• EXERCISE DETAILS: The reply must repeat the listing below exactly and carry none of its pictures.

• SOURCE MATERIAL:
--
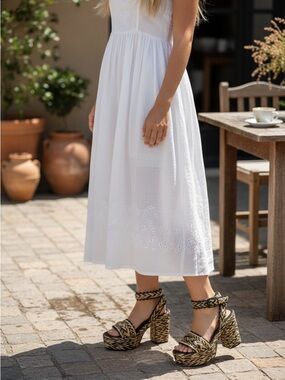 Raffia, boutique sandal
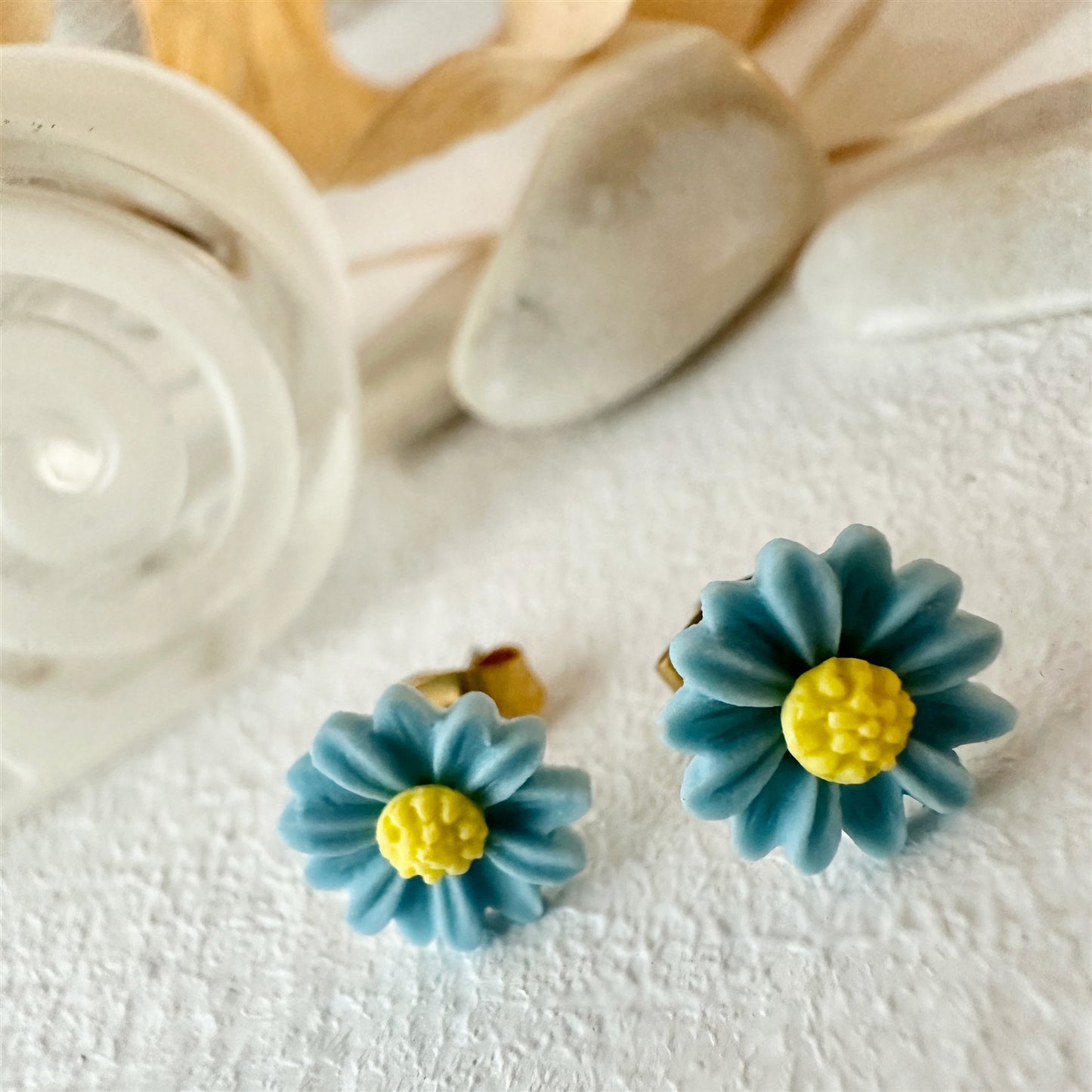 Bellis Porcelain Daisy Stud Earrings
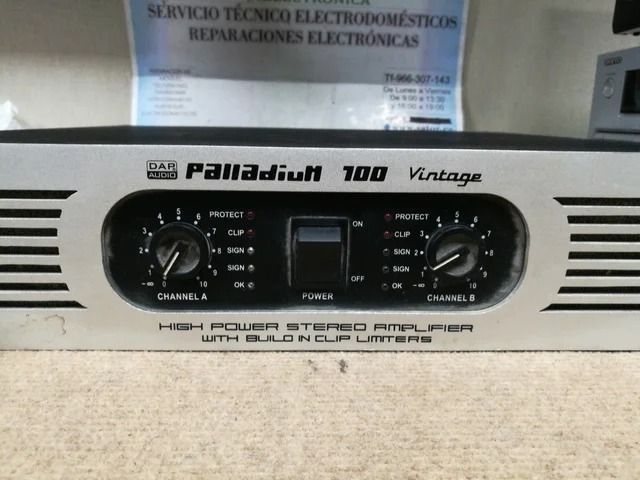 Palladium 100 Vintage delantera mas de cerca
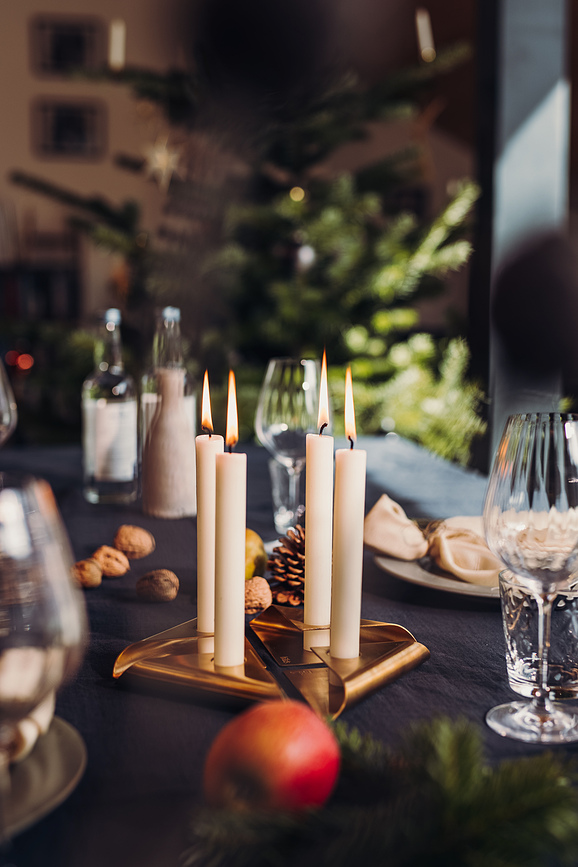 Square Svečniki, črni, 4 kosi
--
• OUTPUT:
 Raffia, boutique sandal
 Bellis Porcelain Daisy Stud Earrings
 Palladium 100 Vintage delantera mas de cerca
 Square Svečniki, črni, 4 kosi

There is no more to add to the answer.